Karlia nickte. „Ja, das hängt mit ihrer Abstammung zusammen. Bestimmte alte Dämonenlinien, wie die Himmelsdämonen, Wolkenkronendämonen und Bergdämonen, werden zusammen als Dämonengiganten bezeichnet. Diese Dämonen waren von Natur aus riesig und herrschten in alten Zeiten als Oberherren der Dämonenrasse. Selbst ein kleiner Teil ihrer Blutlinie in modernen Dämonen kann ihnen die Fähigkeit verleihen, bei Erreichen eines ausreichend hohen Kultivierungsgrades gigantische Ausmaße anzunehmen.“
„Faszinierend“, sagte Lin Mu leise, während er die neuen Infos aufnahm. „Also waren Bazgazeal und seine Generäle Dämonische Giganten?“
„Bazgazeal selbst war ein himmlischer Dämonengigantes, einer der seltensten und mächtigsten Arten. Seine Generäle stammten aus verschiedenen anderen Dämonengiganten-Linien“, erklärte Karlia. „Es gibt auch seltene Techniken, mit denen Dämonen ohne die Blutlinie eine Gigantifizierung erreichen können, aber sie sind extrem schwer zu finden. Selbst unser Stamm, der seit Hunderttausenden von Jahren eine Dämonenwelt regiert, hat sie nicht erlangen können.“
„Also besitzt euer Stamm diese Fähigkeit auch nicht?“, vermutete Lin Mu.

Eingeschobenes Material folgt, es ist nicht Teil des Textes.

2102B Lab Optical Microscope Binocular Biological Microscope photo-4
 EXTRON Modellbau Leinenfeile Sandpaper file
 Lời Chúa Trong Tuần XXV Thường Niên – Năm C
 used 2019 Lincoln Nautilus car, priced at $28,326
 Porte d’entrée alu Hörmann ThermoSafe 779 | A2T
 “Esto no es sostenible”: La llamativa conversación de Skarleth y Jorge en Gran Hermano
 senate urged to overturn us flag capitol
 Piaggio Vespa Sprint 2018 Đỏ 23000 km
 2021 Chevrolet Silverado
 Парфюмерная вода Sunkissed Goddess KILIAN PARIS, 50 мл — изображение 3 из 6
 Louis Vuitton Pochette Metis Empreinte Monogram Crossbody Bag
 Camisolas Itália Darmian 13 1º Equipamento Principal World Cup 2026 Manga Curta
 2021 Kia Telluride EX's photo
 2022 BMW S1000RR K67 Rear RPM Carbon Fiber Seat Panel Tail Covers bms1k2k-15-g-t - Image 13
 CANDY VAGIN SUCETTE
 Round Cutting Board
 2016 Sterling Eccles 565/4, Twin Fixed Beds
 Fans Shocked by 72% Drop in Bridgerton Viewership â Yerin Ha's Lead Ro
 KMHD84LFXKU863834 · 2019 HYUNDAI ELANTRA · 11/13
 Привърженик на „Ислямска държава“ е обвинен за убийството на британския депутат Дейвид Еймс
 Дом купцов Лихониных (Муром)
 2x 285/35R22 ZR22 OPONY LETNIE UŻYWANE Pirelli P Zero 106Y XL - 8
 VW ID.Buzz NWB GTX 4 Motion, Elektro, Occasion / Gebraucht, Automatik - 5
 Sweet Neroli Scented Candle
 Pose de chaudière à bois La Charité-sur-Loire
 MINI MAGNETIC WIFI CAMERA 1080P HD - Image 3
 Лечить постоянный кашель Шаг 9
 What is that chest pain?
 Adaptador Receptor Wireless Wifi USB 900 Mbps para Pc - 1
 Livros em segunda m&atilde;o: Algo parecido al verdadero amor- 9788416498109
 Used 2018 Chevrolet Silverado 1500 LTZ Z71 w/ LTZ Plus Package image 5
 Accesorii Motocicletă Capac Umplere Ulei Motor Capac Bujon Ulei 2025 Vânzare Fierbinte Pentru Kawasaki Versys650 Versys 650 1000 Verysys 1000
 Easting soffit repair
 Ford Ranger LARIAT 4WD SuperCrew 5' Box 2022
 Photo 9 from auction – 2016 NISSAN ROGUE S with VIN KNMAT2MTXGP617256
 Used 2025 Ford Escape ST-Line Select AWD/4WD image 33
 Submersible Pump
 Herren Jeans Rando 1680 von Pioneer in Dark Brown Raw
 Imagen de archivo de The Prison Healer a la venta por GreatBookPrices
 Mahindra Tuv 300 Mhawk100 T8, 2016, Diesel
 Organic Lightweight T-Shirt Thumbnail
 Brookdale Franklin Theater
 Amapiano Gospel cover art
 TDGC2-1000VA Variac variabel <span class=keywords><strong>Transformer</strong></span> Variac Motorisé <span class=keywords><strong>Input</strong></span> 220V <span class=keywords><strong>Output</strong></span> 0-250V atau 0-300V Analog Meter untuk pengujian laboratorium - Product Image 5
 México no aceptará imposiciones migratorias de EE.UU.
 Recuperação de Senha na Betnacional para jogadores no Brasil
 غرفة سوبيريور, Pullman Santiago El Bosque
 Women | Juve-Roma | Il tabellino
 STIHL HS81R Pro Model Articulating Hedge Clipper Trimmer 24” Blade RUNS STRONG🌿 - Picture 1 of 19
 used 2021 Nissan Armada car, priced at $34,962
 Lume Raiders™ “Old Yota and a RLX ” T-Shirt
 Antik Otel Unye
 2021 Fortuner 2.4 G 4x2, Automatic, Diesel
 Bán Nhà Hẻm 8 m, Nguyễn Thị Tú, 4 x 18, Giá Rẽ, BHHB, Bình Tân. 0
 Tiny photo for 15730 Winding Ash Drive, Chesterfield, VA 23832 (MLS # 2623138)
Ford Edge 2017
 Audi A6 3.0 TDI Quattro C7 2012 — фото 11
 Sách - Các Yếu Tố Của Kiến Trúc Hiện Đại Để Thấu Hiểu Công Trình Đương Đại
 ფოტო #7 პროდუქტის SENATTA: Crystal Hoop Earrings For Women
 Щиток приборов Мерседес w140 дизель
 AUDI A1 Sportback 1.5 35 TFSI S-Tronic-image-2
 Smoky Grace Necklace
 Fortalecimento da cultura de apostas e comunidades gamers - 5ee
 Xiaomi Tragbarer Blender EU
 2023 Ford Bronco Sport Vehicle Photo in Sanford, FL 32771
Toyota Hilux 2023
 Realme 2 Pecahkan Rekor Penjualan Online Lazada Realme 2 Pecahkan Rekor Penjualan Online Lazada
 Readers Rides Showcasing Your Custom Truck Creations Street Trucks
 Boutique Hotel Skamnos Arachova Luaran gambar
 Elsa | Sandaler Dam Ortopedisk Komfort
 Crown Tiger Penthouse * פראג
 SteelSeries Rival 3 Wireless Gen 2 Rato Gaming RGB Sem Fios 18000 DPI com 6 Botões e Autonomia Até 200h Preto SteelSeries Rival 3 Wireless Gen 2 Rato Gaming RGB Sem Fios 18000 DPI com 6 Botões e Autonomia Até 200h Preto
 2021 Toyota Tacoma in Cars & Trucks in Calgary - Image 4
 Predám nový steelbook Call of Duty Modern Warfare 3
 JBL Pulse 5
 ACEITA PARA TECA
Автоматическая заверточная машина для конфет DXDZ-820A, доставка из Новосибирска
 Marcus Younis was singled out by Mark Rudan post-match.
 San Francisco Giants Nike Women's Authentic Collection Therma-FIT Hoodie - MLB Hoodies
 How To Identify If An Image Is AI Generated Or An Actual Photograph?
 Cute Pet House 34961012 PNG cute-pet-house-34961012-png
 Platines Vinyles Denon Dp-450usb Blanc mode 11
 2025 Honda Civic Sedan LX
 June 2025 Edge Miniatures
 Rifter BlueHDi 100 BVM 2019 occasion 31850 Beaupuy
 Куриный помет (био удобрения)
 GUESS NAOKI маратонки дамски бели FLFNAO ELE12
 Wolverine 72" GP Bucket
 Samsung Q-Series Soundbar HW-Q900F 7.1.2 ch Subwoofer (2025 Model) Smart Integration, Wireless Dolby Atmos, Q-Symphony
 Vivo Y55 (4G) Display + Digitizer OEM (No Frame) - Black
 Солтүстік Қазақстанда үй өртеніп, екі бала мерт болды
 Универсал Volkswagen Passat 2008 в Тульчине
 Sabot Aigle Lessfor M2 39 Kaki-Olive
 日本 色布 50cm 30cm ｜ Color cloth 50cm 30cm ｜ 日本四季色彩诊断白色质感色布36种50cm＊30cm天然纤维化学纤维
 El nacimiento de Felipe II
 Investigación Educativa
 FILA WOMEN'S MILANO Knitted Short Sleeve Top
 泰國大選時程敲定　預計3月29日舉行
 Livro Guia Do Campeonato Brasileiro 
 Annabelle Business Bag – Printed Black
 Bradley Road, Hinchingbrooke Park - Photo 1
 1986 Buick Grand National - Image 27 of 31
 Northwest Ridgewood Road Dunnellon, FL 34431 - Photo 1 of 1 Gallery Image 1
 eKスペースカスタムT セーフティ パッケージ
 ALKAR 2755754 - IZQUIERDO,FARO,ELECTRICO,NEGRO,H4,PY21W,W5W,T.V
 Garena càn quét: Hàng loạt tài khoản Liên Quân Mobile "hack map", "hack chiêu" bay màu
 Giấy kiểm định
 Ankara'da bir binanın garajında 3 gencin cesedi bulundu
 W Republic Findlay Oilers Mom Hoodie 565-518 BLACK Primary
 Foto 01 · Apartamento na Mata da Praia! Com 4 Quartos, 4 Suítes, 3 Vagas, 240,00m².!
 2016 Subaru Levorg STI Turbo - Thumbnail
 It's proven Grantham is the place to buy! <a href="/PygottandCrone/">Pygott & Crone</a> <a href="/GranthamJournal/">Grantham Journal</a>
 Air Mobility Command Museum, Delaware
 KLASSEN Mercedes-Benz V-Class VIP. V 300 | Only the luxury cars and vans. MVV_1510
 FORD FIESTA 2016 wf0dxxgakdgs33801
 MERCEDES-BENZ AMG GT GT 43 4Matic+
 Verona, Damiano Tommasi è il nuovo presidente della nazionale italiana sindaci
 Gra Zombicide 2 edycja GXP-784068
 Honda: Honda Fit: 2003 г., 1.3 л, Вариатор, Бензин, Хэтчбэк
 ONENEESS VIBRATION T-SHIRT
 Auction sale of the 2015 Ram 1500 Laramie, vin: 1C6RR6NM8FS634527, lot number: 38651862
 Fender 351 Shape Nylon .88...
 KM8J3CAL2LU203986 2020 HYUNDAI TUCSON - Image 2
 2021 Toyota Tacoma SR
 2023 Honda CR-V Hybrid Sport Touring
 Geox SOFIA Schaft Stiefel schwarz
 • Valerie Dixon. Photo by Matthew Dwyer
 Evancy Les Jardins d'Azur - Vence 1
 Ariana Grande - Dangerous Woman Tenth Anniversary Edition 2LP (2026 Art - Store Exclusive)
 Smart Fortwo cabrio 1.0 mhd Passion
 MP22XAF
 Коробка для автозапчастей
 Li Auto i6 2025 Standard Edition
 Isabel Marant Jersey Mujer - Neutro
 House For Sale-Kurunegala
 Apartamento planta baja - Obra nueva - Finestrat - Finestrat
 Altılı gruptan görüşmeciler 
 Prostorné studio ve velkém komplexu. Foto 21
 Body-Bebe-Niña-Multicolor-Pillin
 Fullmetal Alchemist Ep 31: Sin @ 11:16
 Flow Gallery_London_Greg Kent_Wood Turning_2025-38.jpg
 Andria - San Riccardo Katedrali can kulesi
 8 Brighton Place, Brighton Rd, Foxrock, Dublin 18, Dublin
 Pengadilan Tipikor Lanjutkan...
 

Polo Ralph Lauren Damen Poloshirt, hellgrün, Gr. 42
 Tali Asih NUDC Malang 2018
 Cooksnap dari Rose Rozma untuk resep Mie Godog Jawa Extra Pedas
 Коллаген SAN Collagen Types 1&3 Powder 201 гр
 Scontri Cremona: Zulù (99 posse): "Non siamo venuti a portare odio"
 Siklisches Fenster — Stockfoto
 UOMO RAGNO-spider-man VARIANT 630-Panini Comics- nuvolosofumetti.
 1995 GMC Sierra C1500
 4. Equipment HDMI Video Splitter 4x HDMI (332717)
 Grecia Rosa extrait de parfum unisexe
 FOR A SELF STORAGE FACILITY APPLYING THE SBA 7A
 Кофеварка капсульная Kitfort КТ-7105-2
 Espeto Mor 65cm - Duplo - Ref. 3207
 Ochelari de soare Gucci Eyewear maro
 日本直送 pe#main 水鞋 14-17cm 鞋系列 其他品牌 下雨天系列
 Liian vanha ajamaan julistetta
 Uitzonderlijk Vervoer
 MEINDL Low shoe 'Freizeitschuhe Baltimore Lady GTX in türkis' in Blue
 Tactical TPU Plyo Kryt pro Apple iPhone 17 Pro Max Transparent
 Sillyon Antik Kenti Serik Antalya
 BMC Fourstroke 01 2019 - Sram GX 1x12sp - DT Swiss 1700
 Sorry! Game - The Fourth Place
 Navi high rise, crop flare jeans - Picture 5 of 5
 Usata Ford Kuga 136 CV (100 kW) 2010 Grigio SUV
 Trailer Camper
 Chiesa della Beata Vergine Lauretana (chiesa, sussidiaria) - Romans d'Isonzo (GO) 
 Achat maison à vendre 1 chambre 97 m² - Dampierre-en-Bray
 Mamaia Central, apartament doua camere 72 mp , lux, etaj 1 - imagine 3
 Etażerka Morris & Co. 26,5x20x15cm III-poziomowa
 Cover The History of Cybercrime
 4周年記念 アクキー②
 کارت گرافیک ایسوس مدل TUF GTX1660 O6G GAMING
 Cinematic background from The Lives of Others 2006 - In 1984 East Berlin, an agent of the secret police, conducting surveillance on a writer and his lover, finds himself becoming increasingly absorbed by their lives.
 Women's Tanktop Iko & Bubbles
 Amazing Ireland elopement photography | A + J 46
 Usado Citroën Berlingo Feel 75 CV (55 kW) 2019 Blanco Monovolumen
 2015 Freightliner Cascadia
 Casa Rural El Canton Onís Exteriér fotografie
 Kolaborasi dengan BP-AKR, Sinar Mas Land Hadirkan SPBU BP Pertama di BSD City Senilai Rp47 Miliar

Karlia schüttelte den Kopf. „Nein, das tun wir nicht. Wir sind der Stamm der Kriegsflammen-Dämonen, und unsere Abstammung ist zu weit von den Dämonengiganten entfernt. Unser Stamm entstand viel später.“
Lin Mu erinnerte sich daran, dass Ziran ihren Stamm erwähnt hatte, und hatte Karlias furchterregende Kriegsflammen im Kampf gesehen. Es machte Sinn, dass sich die Fähigkeiten ihres Stammes im Laufe der Zeit deutlich von denen der alten Giganten-Linien unterschieden.
„Trotzdem ist es bemerkenswert, wie vielfältig die Dämonenrassen sind“, sagte Lin Mu nachdenklich. „Weißt du mehr über Bazgazeals Geschichte? Ich würde gerne verstehen, was für eine Person er war.“
Karlia nickte. „Bazgazeal war schon immer ein Außenseiter. Er begann als Wunderkind seines Stammes der Himmelsdämonen, ein Naturgenie, das dazu bestimmt war, sein Volk anzuführen. Aber aus unbekannten Gründen massakrierte er seinen eigenen Stamm und übernahm die Herrschaft über ihre Welt.“
Lin Mu kniff die Augen zusammen. „Er hat sein eigenes Volk vernichtet?“
„Ja. Und seine Eroberungszüge hörten damit nicht auf.
Die Welt, die er beherrschte, war keine reine Dämonenwelt – es gab Sekten, Imperien und andere Mächte. Er vernichtete sie alle und versklavte die Überlebenden“, erklärte Karlia grimmig. „Seine Tyrannei war so grausam, dass sogar benachbarte Dämonenstämme sich gegen ihn auflehnten.“
Lin Mu konnte das Ausmaß von Bazgazeals Ambitionen kaum begreifen. „Ich kann mir vorstellen, dass das auch die Aufmerksamkeit der orthodoxen Mächte auf sich gezogen hat.“
„Das tat sie“, bestätigte Karlia. „Die Unsterblichen Höfe und verschiedene Sekten schickten ihre stärksten Experten, um ihn zu unterwerfen, aber er vernichtete alle Gegner. Seine Stärke und Grausamkeit machten ihn berüchtigt, und er galt als eine der größten Bedrohungen seiner Zeit.“
„Was ist mit den anderen Dämonen? Die haben doch sicher nicht einfach zugesehen“, fragte Lin Mu.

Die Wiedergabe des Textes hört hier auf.